• [WORK INSTRUCTION]: If a line in the data below includes the string "Mitsubishi", please return a copy of it.

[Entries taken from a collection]
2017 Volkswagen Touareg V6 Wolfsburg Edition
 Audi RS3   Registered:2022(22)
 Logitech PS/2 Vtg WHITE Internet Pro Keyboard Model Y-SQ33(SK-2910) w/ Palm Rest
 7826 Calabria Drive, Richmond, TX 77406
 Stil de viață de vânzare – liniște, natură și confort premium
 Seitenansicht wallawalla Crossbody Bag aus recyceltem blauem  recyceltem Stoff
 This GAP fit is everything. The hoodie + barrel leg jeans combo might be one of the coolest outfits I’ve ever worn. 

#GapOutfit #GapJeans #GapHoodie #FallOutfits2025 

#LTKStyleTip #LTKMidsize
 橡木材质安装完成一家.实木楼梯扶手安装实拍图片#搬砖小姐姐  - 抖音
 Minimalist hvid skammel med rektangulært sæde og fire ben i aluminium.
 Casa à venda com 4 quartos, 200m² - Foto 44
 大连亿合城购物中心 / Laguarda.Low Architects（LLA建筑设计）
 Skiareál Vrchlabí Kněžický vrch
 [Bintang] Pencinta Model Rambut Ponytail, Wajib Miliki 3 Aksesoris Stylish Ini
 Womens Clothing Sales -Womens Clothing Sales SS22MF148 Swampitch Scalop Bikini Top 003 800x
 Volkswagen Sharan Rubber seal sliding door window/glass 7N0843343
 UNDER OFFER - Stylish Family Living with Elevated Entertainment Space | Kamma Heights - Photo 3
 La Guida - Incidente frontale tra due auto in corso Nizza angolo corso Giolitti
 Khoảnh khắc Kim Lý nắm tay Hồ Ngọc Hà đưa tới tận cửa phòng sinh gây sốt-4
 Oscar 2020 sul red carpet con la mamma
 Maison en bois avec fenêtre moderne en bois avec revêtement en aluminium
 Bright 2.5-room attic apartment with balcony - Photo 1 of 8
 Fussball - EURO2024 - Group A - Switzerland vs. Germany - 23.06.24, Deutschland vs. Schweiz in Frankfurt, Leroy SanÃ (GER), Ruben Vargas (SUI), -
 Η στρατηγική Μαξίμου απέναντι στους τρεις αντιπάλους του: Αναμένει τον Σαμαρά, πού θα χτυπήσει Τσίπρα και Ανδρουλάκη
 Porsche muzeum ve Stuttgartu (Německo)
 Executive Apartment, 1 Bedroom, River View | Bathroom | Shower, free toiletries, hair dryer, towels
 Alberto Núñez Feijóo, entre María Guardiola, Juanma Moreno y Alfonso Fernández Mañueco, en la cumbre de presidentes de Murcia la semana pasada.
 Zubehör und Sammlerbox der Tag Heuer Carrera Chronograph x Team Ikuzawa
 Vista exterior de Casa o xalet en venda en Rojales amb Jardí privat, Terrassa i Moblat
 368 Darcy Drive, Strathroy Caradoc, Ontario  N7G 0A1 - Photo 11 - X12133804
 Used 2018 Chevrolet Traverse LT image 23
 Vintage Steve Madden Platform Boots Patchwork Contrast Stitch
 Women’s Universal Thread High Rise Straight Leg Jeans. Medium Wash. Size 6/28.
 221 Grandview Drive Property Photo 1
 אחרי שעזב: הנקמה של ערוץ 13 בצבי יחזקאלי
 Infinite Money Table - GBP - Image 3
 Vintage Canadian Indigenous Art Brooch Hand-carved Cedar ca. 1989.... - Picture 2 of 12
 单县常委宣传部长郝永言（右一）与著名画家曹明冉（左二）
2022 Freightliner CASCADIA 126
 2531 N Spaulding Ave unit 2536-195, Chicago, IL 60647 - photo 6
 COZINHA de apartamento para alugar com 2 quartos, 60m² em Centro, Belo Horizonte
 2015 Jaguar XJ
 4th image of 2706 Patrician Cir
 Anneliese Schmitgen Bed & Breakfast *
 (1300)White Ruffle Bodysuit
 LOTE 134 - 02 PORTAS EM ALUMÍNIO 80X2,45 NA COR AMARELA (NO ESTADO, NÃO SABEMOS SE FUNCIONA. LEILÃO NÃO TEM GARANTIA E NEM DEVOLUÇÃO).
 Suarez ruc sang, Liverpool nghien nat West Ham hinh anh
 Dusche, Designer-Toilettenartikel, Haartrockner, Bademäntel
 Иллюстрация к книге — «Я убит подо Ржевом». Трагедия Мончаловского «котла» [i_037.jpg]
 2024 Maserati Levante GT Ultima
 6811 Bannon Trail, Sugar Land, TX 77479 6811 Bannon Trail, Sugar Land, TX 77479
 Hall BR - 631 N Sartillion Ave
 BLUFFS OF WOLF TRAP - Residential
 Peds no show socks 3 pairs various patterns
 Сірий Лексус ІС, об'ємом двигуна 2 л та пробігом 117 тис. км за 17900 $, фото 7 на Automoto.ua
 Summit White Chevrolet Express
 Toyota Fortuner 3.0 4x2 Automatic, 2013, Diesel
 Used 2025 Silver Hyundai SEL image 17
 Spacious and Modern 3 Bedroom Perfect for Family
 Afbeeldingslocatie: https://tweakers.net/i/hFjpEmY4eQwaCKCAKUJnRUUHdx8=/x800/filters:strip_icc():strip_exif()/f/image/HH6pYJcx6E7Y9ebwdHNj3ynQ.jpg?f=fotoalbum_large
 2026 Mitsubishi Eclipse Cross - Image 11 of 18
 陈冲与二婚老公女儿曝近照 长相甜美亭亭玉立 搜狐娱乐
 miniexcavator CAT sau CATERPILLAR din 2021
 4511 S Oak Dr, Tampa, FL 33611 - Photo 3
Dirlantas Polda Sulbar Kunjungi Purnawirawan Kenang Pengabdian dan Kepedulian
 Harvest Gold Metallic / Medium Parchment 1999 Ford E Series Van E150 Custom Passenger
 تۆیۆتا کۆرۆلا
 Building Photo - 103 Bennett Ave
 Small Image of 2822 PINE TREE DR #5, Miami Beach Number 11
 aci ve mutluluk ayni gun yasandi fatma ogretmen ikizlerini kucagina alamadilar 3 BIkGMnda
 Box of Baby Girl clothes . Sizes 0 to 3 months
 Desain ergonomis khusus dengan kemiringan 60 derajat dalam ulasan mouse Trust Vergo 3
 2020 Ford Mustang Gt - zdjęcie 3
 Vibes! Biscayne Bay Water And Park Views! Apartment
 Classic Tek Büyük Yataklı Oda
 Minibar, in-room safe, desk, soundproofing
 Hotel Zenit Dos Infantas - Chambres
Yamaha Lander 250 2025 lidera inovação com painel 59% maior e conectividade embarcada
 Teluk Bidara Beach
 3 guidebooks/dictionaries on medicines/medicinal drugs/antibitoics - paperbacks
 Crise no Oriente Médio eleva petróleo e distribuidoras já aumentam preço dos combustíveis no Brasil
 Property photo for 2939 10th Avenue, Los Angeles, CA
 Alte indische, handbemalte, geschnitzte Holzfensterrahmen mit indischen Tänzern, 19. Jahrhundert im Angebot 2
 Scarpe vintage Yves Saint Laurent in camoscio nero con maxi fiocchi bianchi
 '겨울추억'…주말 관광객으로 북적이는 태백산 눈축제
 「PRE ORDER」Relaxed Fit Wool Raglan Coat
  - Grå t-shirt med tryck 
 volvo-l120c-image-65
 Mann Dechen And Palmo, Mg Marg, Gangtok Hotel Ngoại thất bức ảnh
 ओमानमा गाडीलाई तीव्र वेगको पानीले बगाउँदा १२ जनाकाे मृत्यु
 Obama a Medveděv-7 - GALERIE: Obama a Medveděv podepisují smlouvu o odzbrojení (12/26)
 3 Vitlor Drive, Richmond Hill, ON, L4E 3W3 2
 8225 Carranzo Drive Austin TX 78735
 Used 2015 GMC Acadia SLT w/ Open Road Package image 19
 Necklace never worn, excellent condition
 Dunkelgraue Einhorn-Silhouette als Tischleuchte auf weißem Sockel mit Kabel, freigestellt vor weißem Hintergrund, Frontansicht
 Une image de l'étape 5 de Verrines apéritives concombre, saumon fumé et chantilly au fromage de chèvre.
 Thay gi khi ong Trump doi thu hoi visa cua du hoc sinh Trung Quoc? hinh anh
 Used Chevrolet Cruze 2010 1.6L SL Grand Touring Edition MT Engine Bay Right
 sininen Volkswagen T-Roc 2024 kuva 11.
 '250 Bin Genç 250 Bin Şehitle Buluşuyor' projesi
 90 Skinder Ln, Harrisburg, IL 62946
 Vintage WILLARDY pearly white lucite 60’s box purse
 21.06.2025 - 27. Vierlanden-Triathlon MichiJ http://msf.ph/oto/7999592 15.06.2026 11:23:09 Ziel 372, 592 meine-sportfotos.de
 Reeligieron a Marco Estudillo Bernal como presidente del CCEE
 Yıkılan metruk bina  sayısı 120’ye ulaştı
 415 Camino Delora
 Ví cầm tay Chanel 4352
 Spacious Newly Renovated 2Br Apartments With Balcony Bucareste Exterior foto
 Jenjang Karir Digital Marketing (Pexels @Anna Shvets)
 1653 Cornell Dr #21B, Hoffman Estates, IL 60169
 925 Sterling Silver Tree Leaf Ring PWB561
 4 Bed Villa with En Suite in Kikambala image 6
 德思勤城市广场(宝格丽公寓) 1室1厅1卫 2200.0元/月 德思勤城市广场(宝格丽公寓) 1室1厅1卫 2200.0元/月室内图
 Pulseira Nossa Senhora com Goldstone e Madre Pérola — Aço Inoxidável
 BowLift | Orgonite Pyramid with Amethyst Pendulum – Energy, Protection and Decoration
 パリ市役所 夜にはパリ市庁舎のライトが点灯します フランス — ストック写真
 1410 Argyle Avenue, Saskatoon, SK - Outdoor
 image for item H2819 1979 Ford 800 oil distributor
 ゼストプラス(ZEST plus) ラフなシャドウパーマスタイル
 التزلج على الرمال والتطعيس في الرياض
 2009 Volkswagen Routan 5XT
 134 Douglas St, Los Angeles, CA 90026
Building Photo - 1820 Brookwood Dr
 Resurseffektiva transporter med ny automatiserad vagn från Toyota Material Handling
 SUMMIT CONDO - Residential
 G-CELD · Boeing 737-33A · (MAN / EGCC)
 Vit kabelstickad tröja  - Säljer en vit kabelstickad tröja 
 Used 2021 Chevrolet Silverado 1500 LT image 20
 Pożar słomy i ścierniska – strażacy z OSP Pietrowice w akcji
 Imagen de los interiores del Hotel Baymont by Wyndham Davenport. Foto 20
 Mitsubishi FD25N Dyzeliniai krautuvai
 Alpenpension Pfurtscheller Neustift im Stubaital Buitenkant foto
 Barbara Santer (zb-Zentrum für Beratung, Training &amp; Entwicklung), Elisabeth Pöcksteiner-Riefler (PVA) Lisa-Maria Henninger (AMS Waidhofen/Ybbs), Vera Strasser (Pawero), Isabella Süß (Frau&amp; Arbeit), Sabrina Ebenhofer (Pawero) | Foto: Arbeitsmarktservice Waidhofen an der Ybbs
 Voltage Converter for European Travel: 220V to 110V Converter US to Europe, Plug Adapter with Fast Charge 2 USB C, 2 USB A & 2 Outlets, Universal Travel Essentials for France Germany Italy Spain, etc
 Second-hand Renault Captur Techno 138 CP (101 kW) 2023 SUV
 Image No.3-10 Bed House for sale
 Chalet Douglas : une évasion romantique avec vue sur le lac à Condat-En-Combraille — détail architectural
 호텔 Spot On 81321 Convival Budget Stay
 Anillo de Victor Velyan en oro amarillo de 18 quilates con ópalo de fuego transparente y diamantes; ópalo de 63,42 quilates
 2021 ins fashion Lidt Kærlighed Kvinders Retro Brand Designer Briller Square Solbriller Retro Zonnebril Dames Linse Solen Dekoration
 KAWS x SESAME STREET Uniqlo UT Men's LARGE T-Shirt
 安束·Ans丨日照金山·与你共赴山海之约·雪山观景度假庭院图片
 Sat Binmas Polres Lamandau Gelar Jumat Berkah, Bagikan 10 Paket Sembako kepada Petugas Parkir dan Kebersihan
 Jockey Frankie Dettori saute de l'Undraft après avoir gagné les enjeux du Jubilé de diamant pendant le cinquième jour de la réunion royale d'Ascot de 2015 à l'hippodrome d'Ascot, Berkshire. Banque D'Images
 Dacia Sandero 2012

• [FINAL ANSWER]:
 2026 Mitsubishi Eclipse Cross - Image 11 of 18
 Mitsubishi FD25N Dyzeliniai krautuvai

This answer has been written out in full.